Future Thinking in Education

May 6, 2024, 15:55
4154

Think Tank: Intensity, Realistic Environments and Tempering through Experience

10 January 2014

Does your program meet the needs of the industry it serves and adequately prepare your students to shine?

By Paul Sorgule, MS, AAC

I just finished re-reading Bill Buford’s book, Heat: An Amateur's Adventures as Kitchen Slave, Line Cook, Pasta-Maker, and Apprentice to a Dante-Quoting Butcher in Tuscany,about his hands-on experiences on the line in Mario Batali’s restaurant and subsequent time working with arguably the finest butcher in all of Italy.

As I finished this great depiction of the learning process in kitchens I was again inspired to look at how we prepare students for the rigors of the kitchen. What came through very clearly in Buford’s story (and from my own experiences as a chef) was the intensity of the kitchen and the realization that a strong culinary program must be able to recreate this intensity if students are truly destined to “learn.”

There is a difference between teaching and training, and both must be present in a curriculum if the end result is a graduate who is “kitchen ready” today and “career ready” tomorrow. What operational chefs are looking for in culinary graduates is a strong foundational knowledge of cooking, positive attitude, willingness to learn, the ability to work with others as a team, efficiency, stamina and the ability to multi-task under pressure.

To me, it only makes sense that this should be the starting point in building a modern culinary curriculum. Every course built, every lesson plan designed, every facility built and every faculty training session should reflect back on these expectations. Does this design meet the needs of the industry it serves and adequately prepare our students to shine?

There are numerous ways that a program can be built around this intensity, ways that can take place in the classroom and in the kitchen. Faculty members can build every assignment around short deadlines that require students to problem solve and stay on task. Projects can be introduced that force students to work collaboratively and instill the best use of time, space and team dynamics. Scenario planning can and should be part of every situation that students are placed in. “What if” should always be a component designed into student work. It will be those “what if” solutions that will allow students to thrive when they are in a kitchen.

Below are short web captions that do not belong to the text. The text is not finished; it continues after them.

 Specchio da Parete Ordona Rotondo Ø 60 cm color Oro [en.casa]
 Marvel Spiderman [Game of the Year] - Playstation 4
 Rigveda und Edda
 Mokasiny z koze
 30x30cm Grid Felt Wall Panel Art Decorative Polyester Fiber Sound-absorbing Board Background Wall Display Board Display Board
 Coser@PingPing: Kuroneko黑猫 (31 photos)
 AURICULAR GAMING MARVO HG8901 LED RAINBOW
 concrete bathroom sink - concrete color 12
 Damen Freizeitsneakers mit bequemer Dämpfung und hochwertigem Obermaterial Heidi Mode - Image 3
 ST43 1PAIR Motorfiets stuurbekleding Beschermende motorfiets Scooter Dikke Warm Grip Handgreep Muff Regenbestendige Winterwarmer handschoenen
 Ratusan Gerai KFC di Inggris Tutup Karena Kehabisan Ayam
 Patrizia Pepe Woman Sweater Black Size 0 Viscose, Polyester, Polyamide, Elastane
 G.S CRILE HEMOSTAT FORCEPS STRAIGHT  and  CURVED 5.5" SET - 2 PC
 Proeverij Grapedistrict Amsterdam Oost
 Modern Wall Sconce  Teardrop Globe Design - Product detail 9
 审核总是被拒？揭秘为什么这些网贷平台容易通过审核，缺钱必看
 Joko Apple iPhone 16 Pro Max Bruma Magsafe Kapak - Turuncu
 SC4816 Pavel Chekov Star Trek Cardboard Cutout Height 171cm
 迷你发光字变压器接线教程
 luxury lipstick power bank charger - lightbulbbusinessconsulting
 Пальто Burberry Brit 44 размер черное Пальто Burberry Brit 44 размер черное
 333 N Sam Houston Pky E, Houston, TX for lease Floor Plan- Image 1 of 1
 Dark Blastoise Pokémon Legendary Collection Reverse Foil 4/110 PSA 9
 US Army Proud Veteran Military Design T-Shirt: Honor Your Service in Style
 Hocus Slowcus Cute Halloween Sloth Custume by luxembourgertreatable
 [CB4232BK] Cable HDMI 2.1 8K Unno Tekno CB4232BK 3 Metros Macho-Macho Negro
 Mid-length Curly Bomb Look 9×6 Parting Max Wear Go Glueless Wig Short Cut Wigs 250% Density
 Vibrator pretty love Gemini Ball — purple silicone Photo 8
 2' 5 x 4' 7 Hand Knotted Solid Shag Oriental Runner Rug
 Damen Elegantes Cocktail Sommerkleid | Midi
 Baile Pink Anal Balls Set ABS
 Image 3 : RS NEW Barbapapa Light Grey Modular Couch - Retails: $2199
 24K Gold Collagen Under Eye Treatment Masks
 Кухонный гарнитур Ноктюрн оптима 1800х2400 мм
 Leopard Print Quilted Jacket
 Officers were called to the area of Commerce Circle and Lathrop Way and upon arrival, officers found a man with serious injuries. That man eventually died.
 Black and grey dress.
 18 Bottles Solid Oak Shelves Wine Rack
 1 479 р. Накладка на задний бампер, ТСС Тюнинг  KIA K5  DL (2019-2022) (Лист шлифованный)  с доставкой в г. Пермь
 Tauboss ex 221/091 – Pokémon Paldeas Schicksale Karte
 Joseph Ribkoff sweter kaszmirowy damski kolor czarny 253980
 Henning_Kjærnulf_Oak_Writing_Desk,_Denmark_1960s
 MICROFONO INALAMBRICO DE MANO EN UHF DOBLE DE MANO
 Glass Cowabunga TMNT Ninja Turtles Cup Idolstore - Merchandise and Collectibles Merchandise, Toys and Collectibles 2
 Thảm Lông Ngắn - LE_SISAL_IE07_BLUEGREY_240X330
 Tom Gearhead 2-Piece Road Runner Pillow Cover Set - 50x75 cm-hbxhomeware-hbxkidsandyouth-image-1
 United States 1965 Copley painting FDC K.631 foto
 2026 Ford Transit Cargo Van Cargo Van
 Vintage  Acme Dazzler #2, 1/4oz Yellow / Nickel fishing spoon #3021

Kitchen laboratory classes need to be designed to emulate realistic environments and cooking lessons should always include tight deadlines, the need for collaboration, assessment of organization, grace under fire and speed. At the end of each lab students could be evaluated based on those expectations of the chefs they will eventually work for. We need to “teach” students about food, process and the ways to set the stage for that future position as a sous chef. We need to “train” students how to be effective, focused, competent cooks who can meet the demands of a busy kitchen. This is the portal to those future management positions and cannot be underplayed.

In the end, it will be the addition of well-organized and supervised internships and externships that will bring everything together. Have you viewed your curriculum, facilities and staff in relation to these parameters? If not, it may be time to do so. Those programs with a reputation for building “kitchen ready” graduates are the ones that will attract the best entering students, the most supportive internships, the most enthusiastic recruiters, and the industry support that will allow them to thrive in a highly competitive education market.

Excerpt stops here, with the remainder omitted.